Task brief: In the entries below, which lines run from the one with "Aerial view of" through the one with "Piotr Kurek during"? Repeat exactly those, both included, and no pictures.

Provided records START

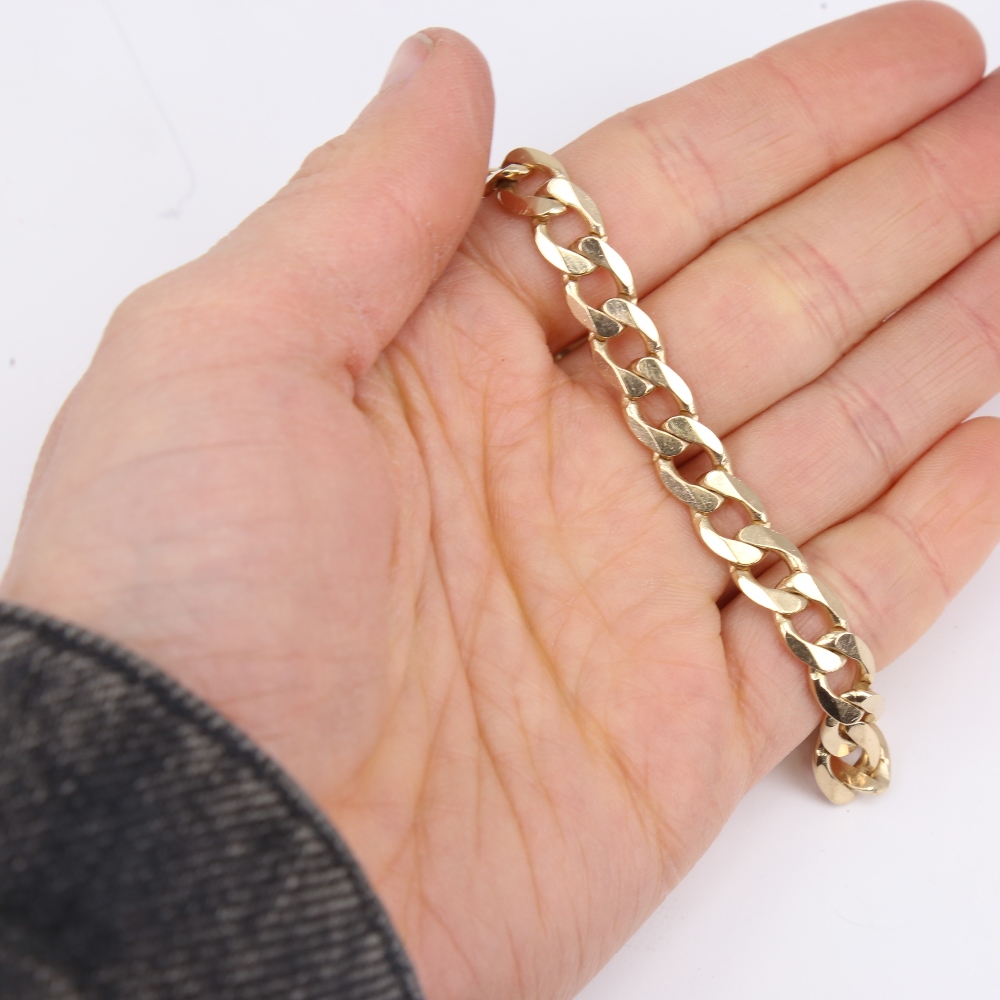 A late 20th century 9ct gold flat curb link bracelet, bracelet length 22cm, 18.9g No damage or - Image 5 of 5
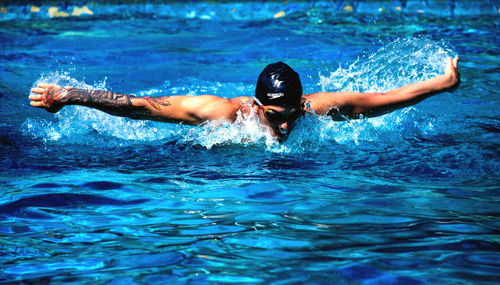 Man swimming in pool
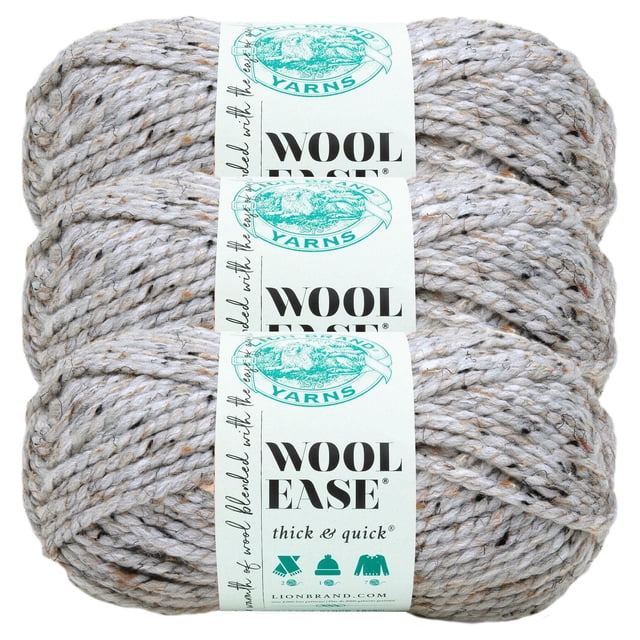 Lion Brand Wool-Ease Thick & Quick Yarn #6 Super Chunky Wool Acrylic Yarn 3-Pack in light oatmeal with brown and grey flecks, showing three skeins stacked horizontally with labels displaying the brand logo and product name, ideal for warm sweaters, hats, and accessories.
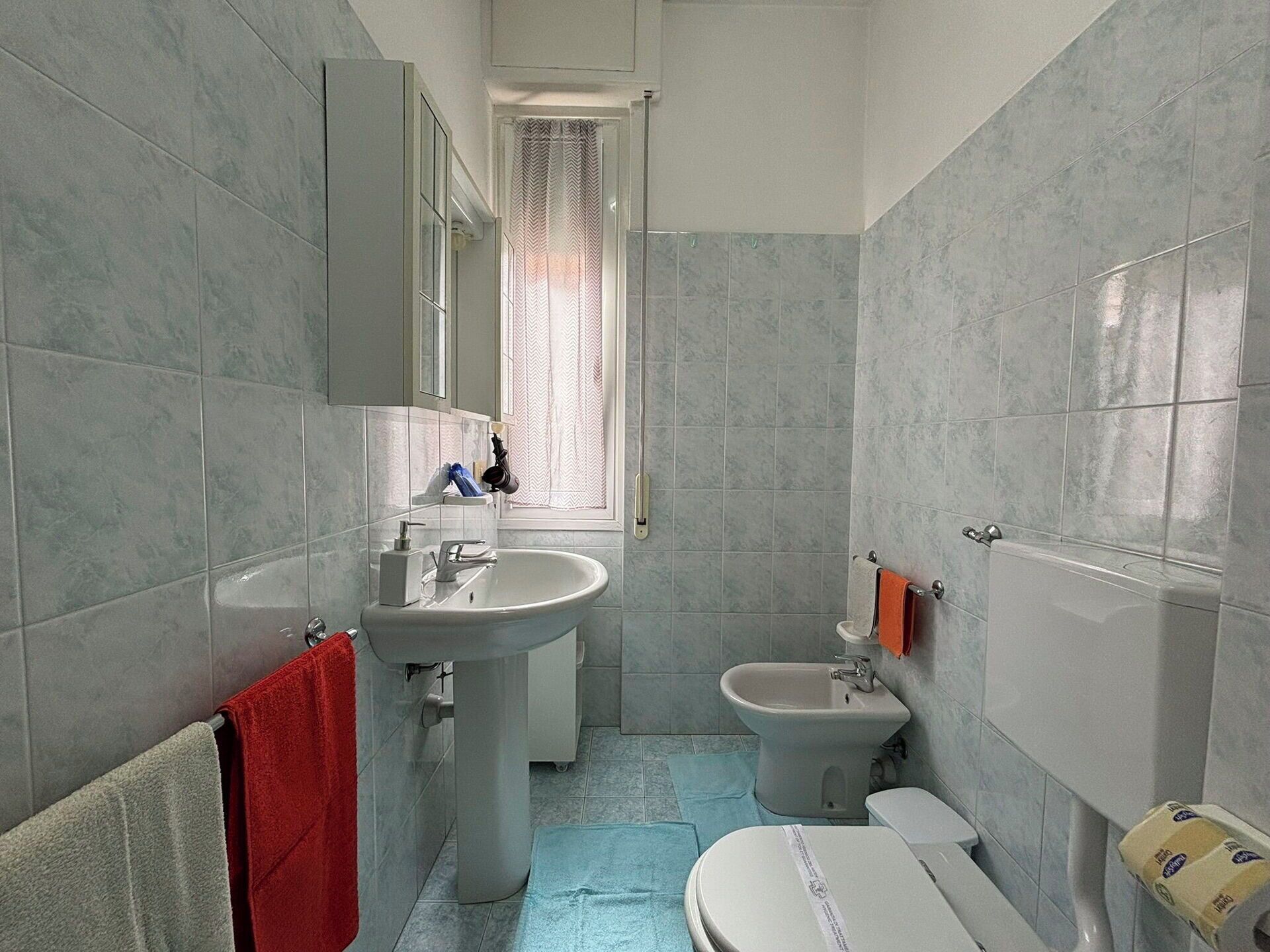 A bathroom with a sink, bidet, toilet, and a window with curtains.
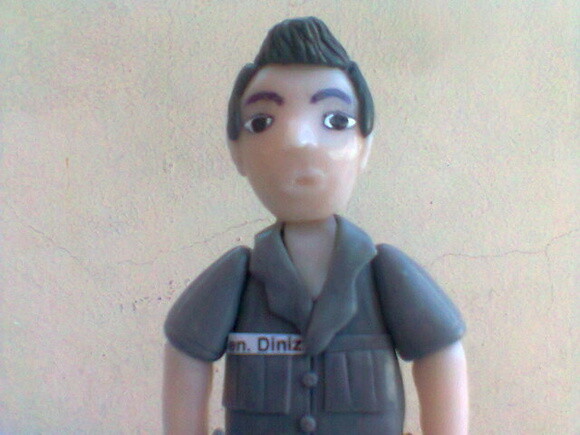 Topo de bolo policial com viatura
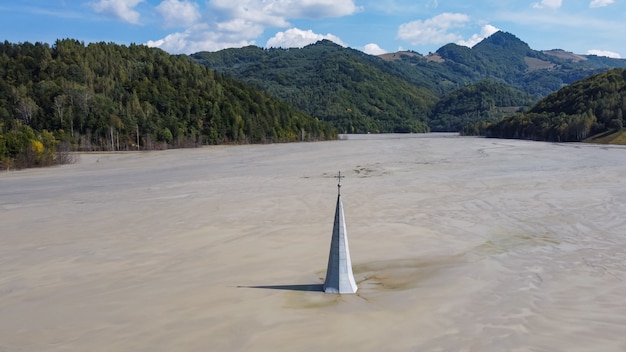Aerial view of church tower in geamana flooded village by\
mining residuals, romania
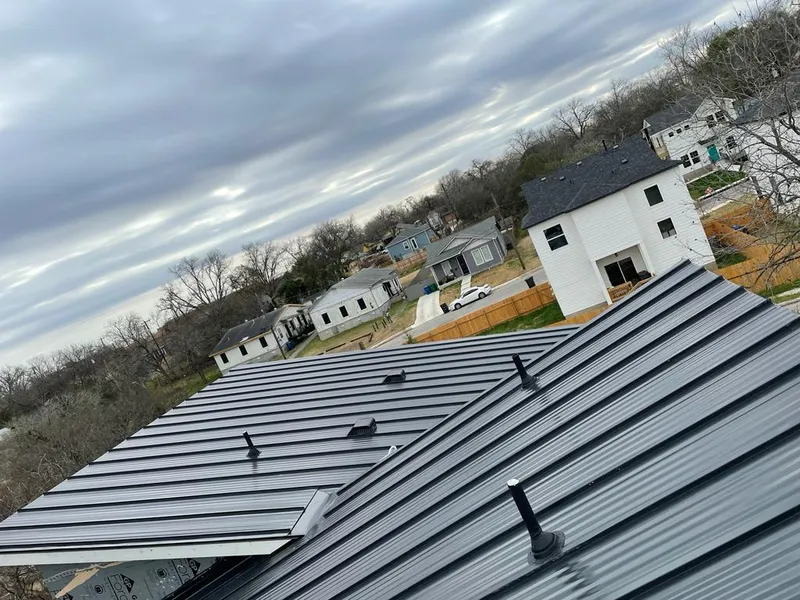 Standing seam metal roof panels with vents for Skylight Repair in Ankeny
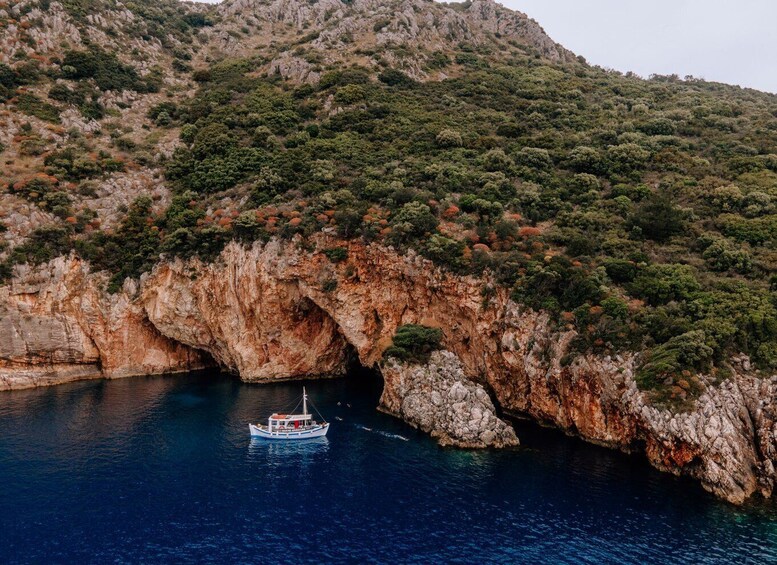 A boat navigating through a natural rock arch in a coastal area. 5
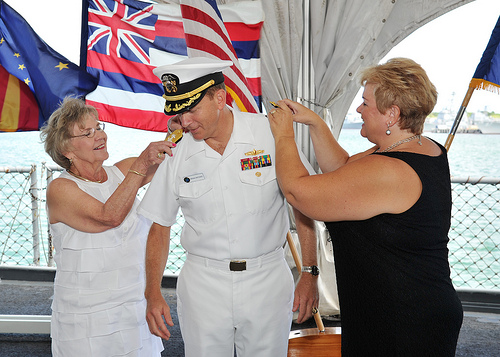 A Captain promoted to Rear Admiral in a ceremony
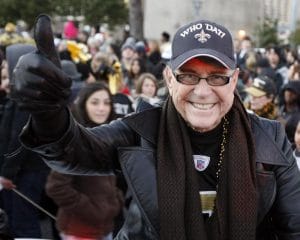 A smiling man in a black leather jacket and WHO DAT Saints cap gives a thumbs-up at an outdoor event with fans in black and gold.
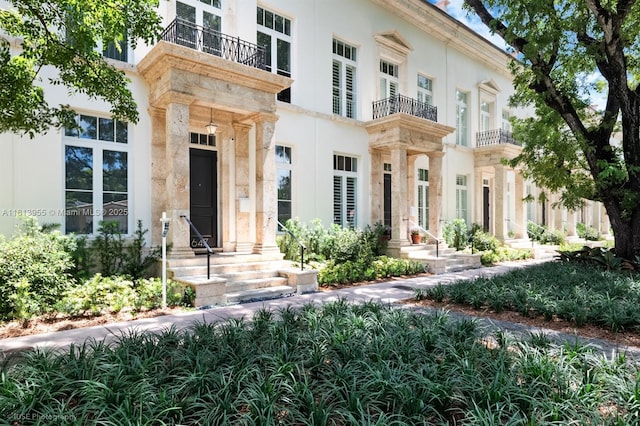 647 Almeria Ave, Coral Gables, FL 33134 - doorway to property featuring a balcony, stucco siding, and stone siding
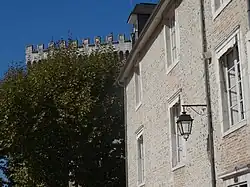 Photographie en couleurs d'un vieille immeuble construit en galets et briques.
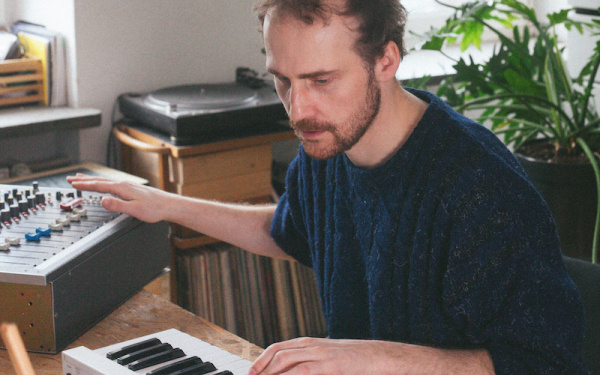 Piotr Kurek during a performance at keyboard and mixing desk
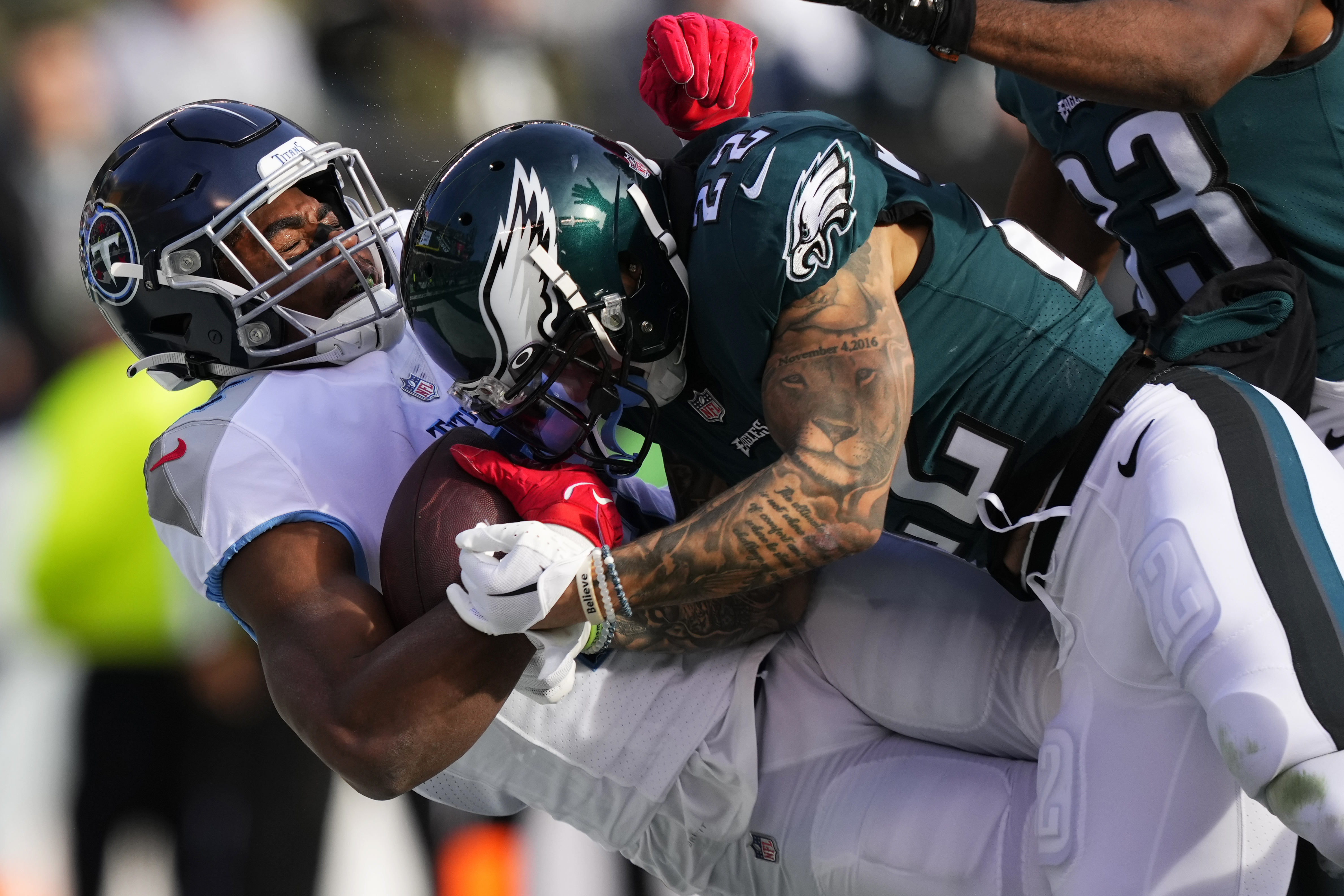 Hurts throws for 3 TDs, runs for another as Eagles rout Titans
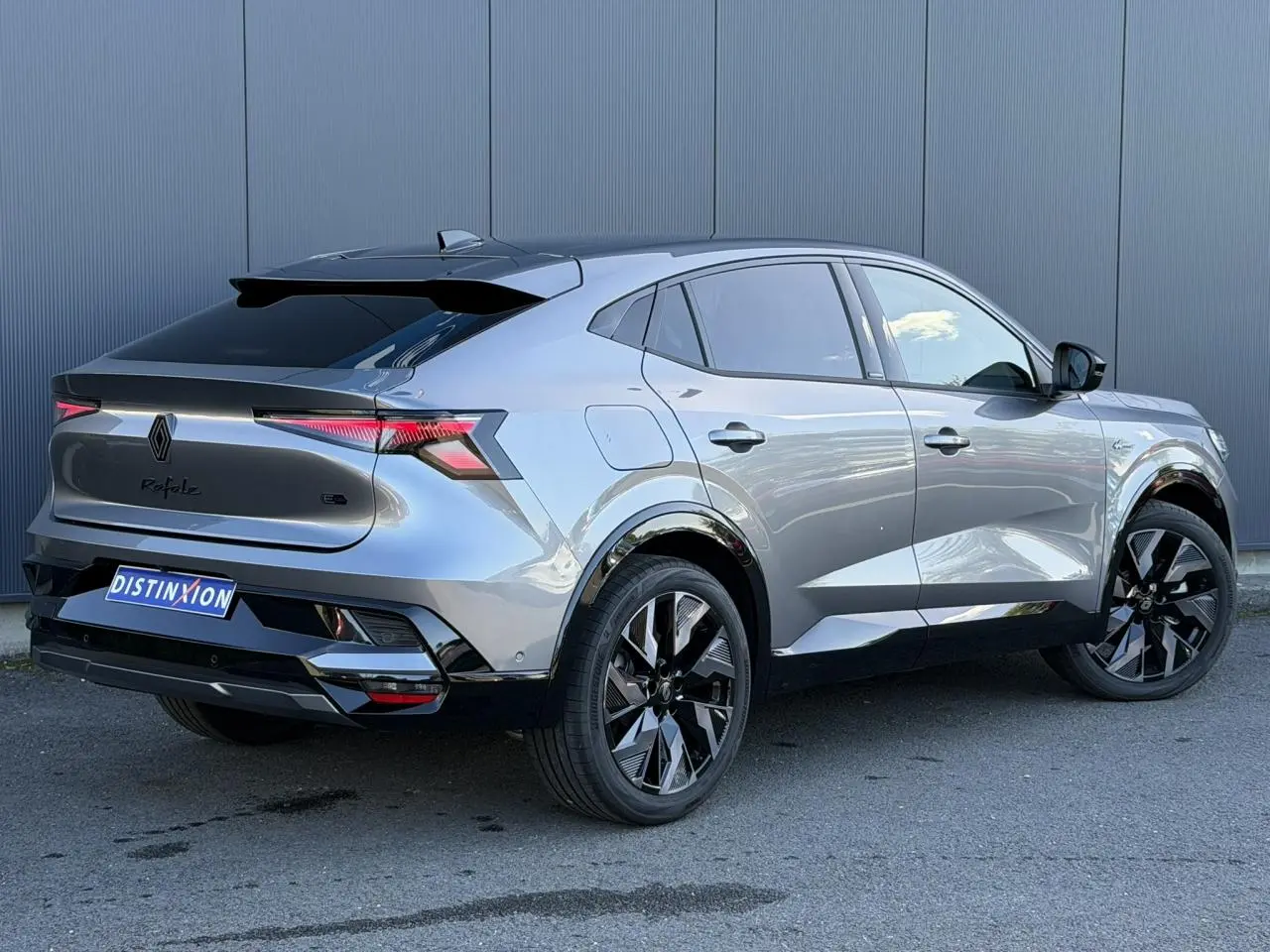 Renault Rafale E-Tech gris schiste en 3/4 arrière droit, avec jantes noires et hayon électrique visible.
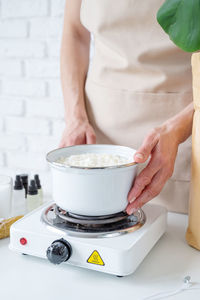 Midsection of man preparing food on table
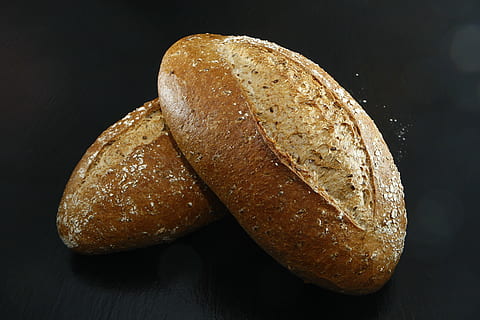 two breads on black surface, baker, craft, food, oven, freshly baked HD wallpaper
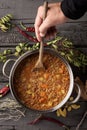 Man stirring a lentil stew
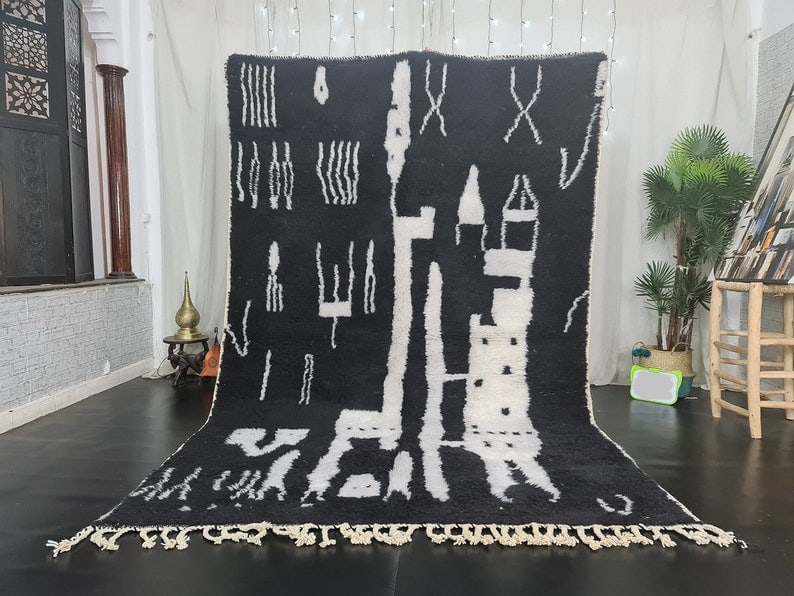 Handmade Moroccan Berber Wool Rug Black and White 9.84 x 6.56 Feet: Handmade Moroccan Berber Wool Rug Black and White 9.84 x 6.56 Feet Discover the elegance of this authentic black and white handmade Moroccan Berber wool rug. Crafted by local Berber women weavers in t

Provided records END

Exercise solution:
Aerial view of church tower in geamana flooded village by\
mining residuals, romania
 Standing seam metal roof panels with vents for Skylight Repair in Ankeny
 A boat navigating through a natural rock arch in a coastal area. 5
 A Captain promoted to Rear Admiral in a ceremony
 A smiling man in a black leather jacket and WHO DAT Saints cap gives a thumbs-up at an outdoor event with fans in black and gold.
 647 Almeria Ave, Coral Gables, FL 33134 - doorway to property featuring a balcony, stucco siding, and stone siding
 Photographie en couleurs d'un vieille immeuble construit en galets et briques.
 Piotr Kurek during a performance at keyboard and mixing desk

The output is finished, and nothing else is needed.